## Exercise description
Which lines run from the one containing "E-R Diagram for" through the last line of the records? Copy them exactly, leaving pictures out.

## Data records
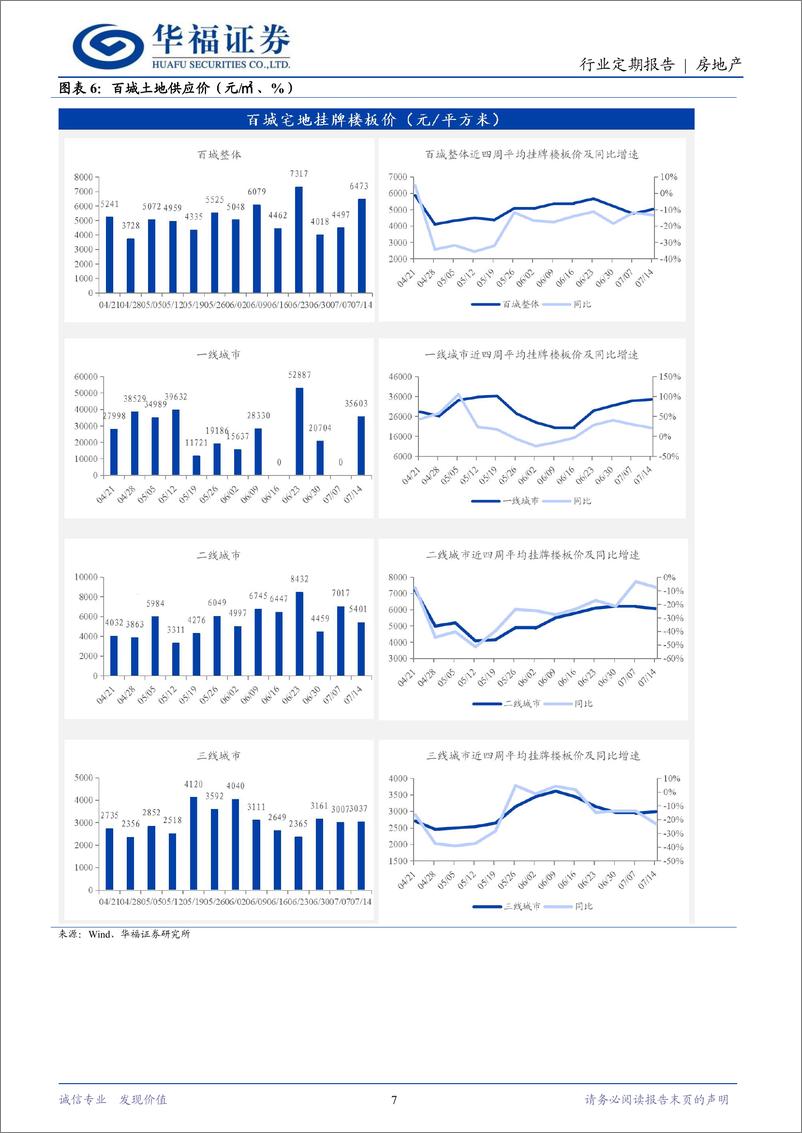 《房地产行业定期报告：三中全会强调防范化解风险，新型城镇化持续推进-240721-华福证券-12页》 - 第7页预览图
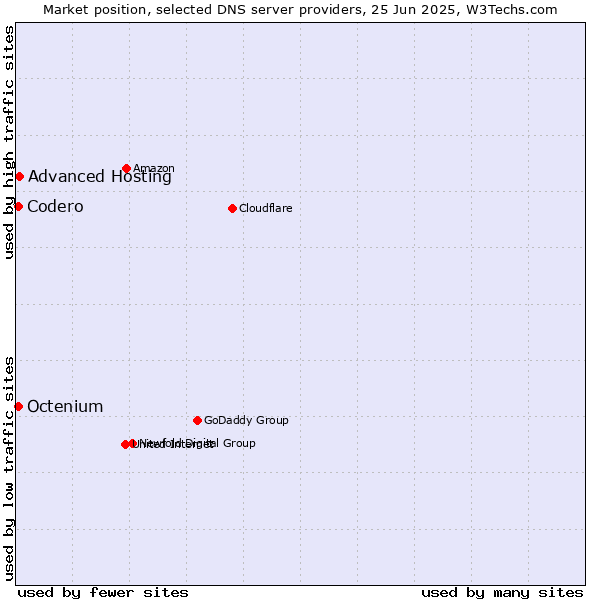 Market position of Advanced Hosting vs. Codero vs. Octenium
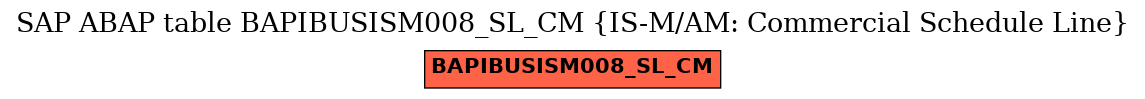 E-R Diagram for table BAPIBUSISM008_SL_CM (IS-M/AM: Commercial Schedule Line)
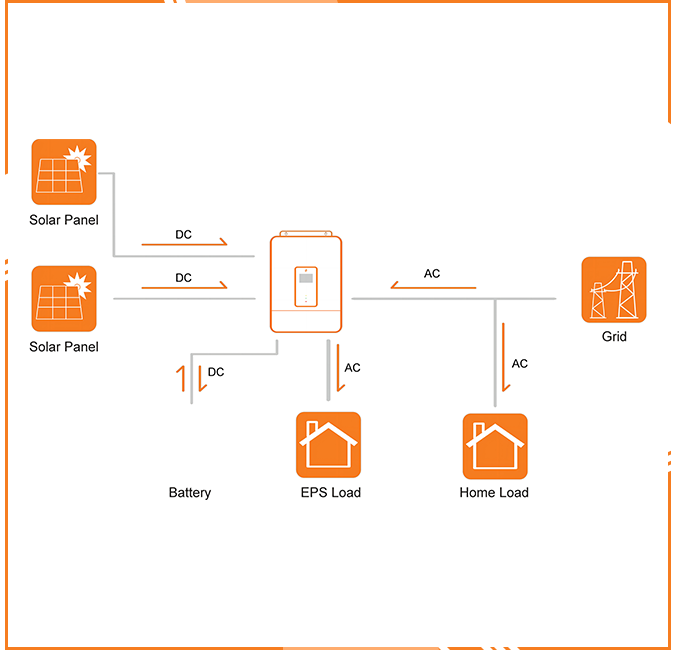 Off-Grid Photovoltaik-Lösungen Off-Grid Photovoltaik-Lösungen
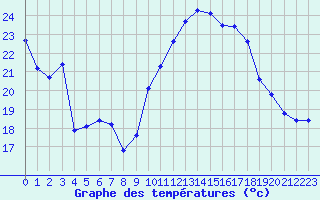 Courbe de tempratures pour Engins (38)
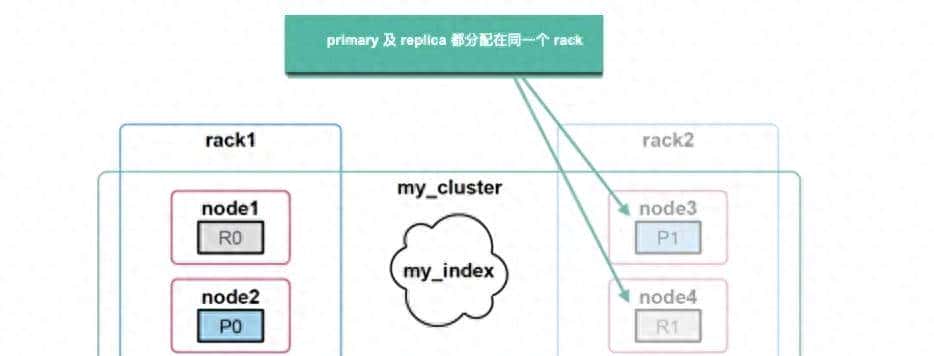 Elasticsearch：集群管理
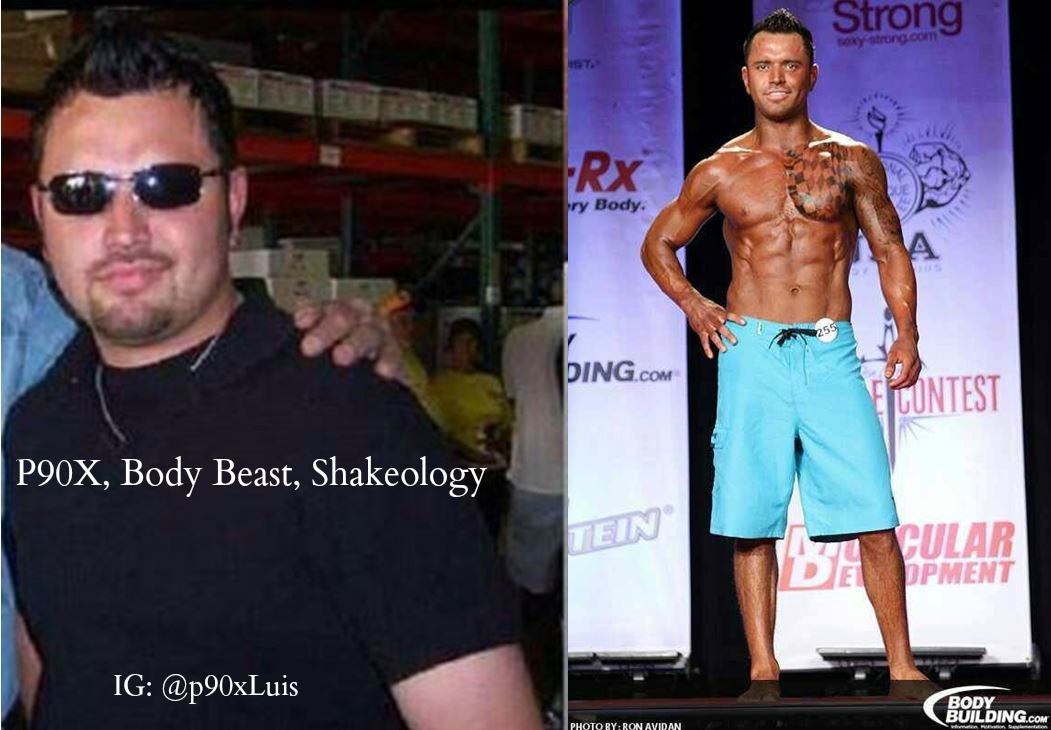 Can Fitness Competitors use Shakeology?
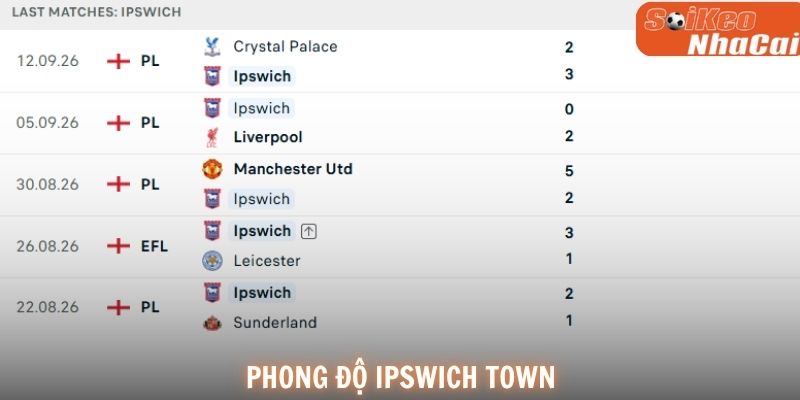Ipswich Town đang có hàng công giàu năng lượng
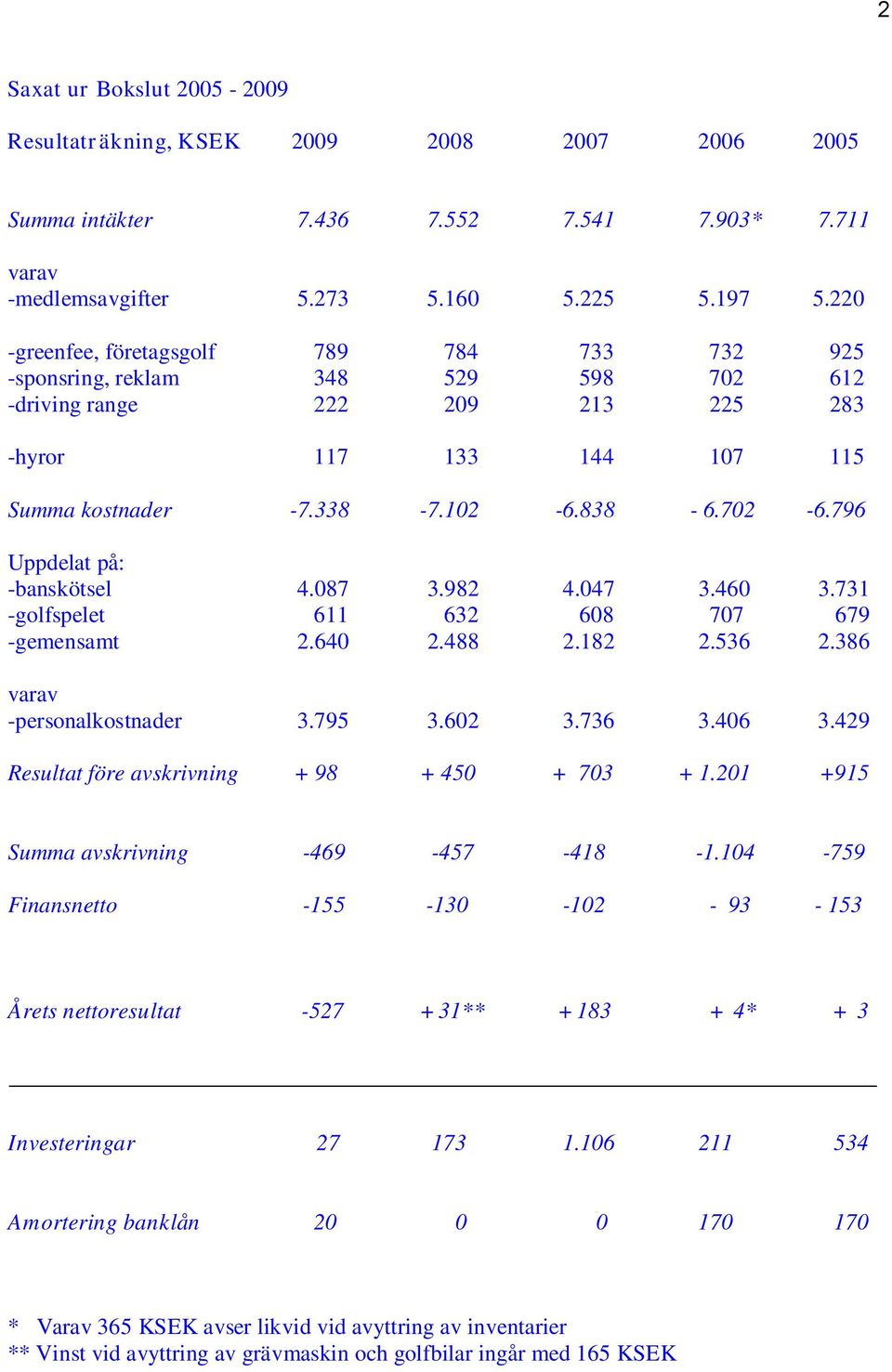 796 Uppdelat på: -banskötsel 4.087 3.982 4.047 3.460 3.731 -golfspelet 611 632 608 707 679 -gemensamt 2.640 2.488 2.182 2.536 2.386 varav -personalkostnader 3.795 3.602 3.736 3.406 3.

## Response area
 E-R Diagram for table BAPIBUSISM008_SL_CM (IS-M/AM: Commercial Schedule Line)
 Off-Grid Photovoltaik-Lösungen Off-Grid Photovoltaik-Lösungen
 Courbe de tempratures pour Engins (38)
 Elasticsearch：集群管理
 Can Fitness Competitors use Shakeology?
Ipswich Town đang có hàng công giàu năng lượng
 796 Uppdelat på: -banskötsel 4.087 3.982 4.047 3.460 3.731 -golfspelet 611 632 608 707 679 -gemensamt 2.640 2.488 2.182 2.536 2.386 varav -personalkostnader 3.795 3.602 3.736 3.406 3.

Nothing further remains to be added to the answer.